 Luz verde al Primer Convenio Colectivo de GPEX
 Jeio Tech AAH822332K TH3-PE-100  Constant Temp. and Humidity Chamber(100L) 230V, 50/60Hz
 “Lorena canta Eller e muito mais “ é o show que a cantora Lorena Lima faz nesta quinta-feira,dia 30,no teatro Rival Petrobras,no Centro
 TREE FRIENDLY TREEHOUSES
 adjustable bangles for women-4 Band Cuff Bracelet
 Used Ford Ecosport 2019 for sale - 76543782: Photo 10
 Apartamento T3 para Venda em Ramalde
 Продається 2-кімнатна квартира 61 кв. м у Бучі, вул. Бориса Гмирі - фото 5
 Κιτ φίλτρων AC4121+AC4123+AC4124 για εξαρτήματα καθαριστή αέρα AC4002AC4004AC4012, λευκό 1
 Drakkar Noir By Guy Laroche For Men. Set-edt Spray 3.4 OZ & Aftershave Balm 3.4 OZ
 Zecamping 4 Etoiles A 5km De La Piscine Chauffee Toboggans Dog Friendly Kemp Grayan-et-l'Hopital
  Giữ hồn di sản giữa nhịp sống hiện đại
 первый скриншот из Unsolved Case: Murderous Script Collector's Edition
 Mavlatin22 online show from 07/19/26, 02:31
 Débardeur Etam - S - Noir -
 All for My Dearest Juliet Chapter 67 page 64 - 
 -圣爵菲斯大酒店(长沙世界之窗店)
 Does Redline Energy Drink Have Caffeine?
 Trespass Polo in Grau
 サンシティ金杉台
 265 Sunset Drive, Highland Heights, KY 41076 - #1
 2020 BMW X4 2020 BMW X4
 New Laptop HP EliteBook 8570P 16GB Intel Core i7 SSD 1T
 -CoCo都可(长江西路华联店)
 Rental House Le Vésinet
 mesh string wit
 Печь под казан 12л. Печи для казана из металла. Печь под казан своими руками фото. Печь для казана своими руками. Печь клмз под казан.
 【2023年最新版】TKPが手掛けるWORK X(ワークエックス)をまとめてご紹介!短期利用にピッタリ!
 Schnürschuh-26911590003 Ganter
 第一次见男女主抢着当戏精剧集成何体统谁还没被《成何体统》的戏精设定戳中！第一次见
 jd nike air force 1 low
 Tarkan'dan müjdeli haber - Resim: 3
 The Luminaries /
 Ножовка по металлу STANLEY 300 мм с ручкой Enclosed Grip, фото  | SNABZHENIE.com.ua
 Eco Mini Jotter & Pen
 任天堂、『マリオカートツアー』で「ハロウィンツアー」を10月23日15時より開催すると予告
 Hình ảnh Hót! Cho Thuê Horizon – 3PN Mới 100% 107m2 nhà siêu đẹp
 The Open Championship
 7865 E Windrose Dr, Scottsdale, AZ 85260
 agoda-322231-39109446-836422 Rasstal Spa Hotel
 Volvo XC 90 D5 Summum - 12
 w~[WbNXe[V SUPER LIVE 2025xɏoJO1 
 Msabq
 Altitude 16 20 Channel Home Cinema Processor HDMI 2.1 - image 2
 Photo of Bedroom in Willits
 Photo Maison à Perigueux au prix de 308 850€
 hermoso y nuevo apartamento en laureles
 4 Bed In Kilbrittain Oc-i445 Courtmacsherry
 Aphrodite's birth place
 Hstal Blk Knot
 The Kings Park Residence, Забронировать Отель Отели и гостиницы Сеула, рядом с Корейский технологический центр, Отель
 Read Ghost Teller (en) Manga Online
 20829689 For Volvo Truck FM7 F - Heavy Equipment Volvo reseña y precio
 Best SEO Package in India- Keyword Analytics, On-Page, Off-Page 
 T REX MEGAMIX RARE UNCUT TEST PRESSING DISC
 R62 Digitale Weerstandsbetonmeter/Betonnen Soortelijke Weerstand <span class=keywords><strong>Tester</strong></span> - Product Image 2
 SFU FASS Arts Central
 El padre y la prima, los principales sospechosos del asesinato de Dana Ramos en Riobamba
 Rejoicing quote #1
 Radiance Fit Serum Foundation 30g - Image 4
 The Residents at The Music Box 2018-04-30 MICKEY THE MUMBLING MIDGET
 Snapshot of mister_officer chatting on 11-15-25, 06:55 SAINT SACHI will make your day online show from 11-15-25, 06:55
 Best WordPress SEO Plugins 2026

• • • •

=== How to complete this task ===
A complete, exact transcription of the data above is the required answer.

=== Your response ===
 Luz verde al Primer Convenio Colectivo de GPEX
 Jeio Tech AAH822332K TH3-PE-100  Constant Temp. and Humidity Chamber(100L) 230V, 50/60Hz
 “Lorena canta Eller e muito mais “ é o show que a cantora Lorena Lima faz nesta quinta-feira,dia 30,no teatro Rival Petrobras,no Centro
 TREE FRIENDLY TREEHOUSES
 adjustable bangles for women-4 Band Cuff Bracelet
 Used Ford Ecosport 2019 for sale - 76543782: Photo 10
 Apartamento T3 para Venda em Ramalde
 Продається 2-кімнатна квартира 61 кв. м у Бучі, вул. Бориса Гмирі - фото 5
 Κιτ φίλτρων AC4121+AC4123+AC4124 για εξαρτήματα καθαριστή αέρα AC4002AC4004AC4012, λευκό 1
 Drakkar Noir By Guy Laroche For Men. Set-edt Spray 3.4 OZ & Aftershave Balm 3.4 OZ
 Zecamping 4 Etoiles A 5km De La Piscine Chauffee Toboggans Dog Friendly Kemp Grayan-et-l'Hopital
  Giữ hồn di sản giữa nhịp sống hiện đại
 первый скриншот из Unsolved Case: Murderous Script Collector's Edition
 Mavlatin22 online show from 07/19/26, 02:31
 Débardeur Etam - S - Noir -
 All for My Dearest Juliet Chapter 67 page 64 - 
 -圣爵菲斯大酒店(长沙世界之窗店)
 Does Redline Energy Drink Have Caffeine?
 Trespass Polo in Grau
 サンシティ金杉台
 265 Sunset Drive, Highland Heights, KY 41076 - #1
 2020 BMW X4 2020 BMW X4
 New Laptop HP EliteBook 8570P 16GB Intel Core i7 SSD 1T
 -CoCo都可(长江西路华联店)
 Rental House Le Vésinet
 mesh string wit
 Печь под казан 12л. Печи для казана из металла. Печь под казан своими руками фото. Печь для казана своими руками. Печь клмз под казан.
 【2023年最新版】TKPが手掛けるWORK X(ワークエックス)をまとめてご紹介!短期利用にピッタリ!
 Schnürschuh-26911590003 Ganter
 第一次见男女主抢着当戏精剧集成何体统谁还没被《成何体统》的戏精设定戳中！第一次见
 jd nike air force 1 low
 Tarkan'dan müjdeli haber - Resim: 3
 The Luminaries /
 Ножовка по металлу STANLEY 300 мм с ручкой Enclosed Grip, фото  | SNABZHENIE.com.ua
 Eco Mini Jotter & Pen
 任天堂、『マリオカートツアー』で「ハロウィンツアー」を10月23日15時より開催すると予告
 Hình ảnh Hót! Cho Thuê Horizon – 3PN Mới 100% 107m2 nhà siêu đẹp
 The Open Championship
 7865 E Windrose Dr, Scottsdale, AZ 85260
 agoda-322231-39109446-836422 Rasstal Spa Hotel
 Volvo XC 90 D5 Summum - 12
 w~[WbNXe[V SUPER LIVE 2025xɏoJO1 
 Msabq
 Altitude 16 20 Channel Home Cinema Processor HDMI 2.1 - image 2
 Photo of Bedroom in Willits
 Photo Maison à Perigueux au prix de 308 850€
 hermoso y nuevo apartamento en laureles
 4 Bed In Kilbrittain Oc-i445 Courtmacsherry
 Aphrodite's birth place
 Hstal Blk Knot
 The Kings Park Residence, Забронировать Отель Отели и гостиницы Сеула, рядом с Корейский технологический центр, Отель
 Read Ghost Teller (en) Manga Online
 20829689 For Volvo Truck FM7 F - Heavy Equipment Volvo reseña y precio
 Best SEO Package in India- Keyword Analytics, On-Page, Off-Page 
 T REX MEGAMIX RARE UNCUT TEST PRESSING DISC
 R62 Digitale Weerstandsbetonmeter/Betonnen Soortelijke Weerstand <span class=keywords><strong>Tester</strong></span> - Product Image 2
 SFU FASS Arts Central
 El padre y la prima, los principales sospechosos del asesinato de Dana Ramos en Riobamba
 Rejoicing quote #1
 Radiance Fit Serum Foundation 30g - Image 4
 The Residents at The Music Box 2018-04-30 MICKEY THE MUMBLING MIDGET
 Snapshot of mister_officer chatting on 11-15-25, 06:55 SAINT SACHI will make your day online show from 11-15-25, 06:55
 Best WordPress SEO Plugins 2026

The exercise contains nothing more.